The approval came a day after Mr Abe visited Tokyo’s Yasukuni Shrine, which is seen in parts of Asia as a symbol of Japan’s past militarism. His trip infuriated China and South Korea, and prompted concern from in Washington about deteriorating ties between the Asian neighbours.
Hirokazu Nakaima, the Governor of Okinawa, told a news conference he had approved a central government request for a landfill project at the new site, on the Henoko coast near the town of Nago. His approval for that project, required by law and a first step to building the replacement facility, was the last procedural barrier to eventually replacing the US Marine Corps’ Air Station Futenma in the crowded town of Ginowan. “The government has recently met our requests in compiling a plan to reinvigorate Okinawa. We felt that the Abe government’s regard for Okinawa is higher than any previous governments,” Mr Nakaima said.
However, he added that he still believed the quickest way to relocate Futenma air base would be to move it to an existing facility with runways outside Okinawa.
About 2,000 people gathered in front of the island’s government building to protest against Mr Nakaima’s decision, with a few hundred of them staging a sit-in at the lobby, the Jiji news agency said.
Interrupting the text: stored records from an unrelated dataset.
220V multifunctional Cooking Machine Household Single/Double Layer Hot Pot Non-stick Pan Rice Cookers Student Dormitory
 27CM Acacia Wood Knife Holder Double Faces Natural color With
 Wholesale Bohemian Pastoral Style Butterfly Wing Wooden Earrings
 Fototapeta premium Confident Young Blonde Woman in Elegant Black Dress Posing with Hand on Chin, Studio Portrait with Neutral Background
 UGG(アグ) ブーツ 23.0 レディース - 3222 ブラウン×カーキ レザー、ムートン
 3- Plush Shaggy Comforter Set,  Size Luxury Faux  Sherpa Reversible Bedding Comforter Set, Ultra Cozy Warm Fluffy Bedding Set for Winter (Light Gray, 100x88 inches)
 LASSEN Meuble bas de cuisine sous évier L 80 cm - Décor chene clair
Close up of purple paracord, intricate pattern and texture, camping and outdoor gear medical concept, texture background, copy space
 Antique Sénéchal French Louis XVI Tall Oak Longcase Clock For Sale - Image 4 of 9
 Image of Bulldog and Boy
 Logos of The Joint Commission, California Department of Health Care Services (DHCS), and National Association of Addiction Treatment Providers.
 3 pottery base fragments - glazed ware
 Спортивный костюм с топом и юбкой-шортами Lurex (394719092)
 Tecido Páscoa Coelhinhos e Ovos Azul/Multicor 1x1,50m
The US and Japan agreed in 1996 to close the Futenma base but plans for a replacement stalled in the face of opposition in Okinawa, which hosts more than half of the US force in Japan, which totals about 38,000 military personnel, 43,000 dependents and 5,000 civilian employees. Okinawa was occupied by the US after Japan’s defeat in the Second World War until 1972.
Japan’s ties with the US were strained when then-Prime Minister, Yukio Hatoyama, who took office in 2009, sought to keep a campaign promise to move the US base off Okinawa. Futenma has been a lightning rod for criticism because of its location in a densely populated area. Activists living in tents have been staging a protest near the site of the proposed Henoko base for almost 10 years and have promised demonstrations if Nakaima approves construction.
An election for the mayor of Nago next month could prove problematic if the incumbent Susumu Inamine – who opposes the plan – is re-elected, while the central government could face a dilemma if demonstrators try to block construction. “There are so many potential wild cards, so much that has to be done, that every small decision moves the process forward but by no means guarantees a final conclusion,” said Brad Glosserman, of Pacific Forum CSIS, a Hawaii-based think-tank.
In April, the US and Japan unveiled plans to close Futenma as early as 2022. Mr Abe said the government would study whether that plan could be accelerated and would begin negotiating a deal with Washington that could allow for more local oversight of environmental issues at US bases. That would address Mr Nakaima’s call to revise the bilateral Status of Forces agreement that has applied to the US military in Japan since 1960 but has never been officially revised.
Mr Abe’s government has set aside ¥348bn for Okinawa’s economic development for the year from April – 15.3 per cent more than this year.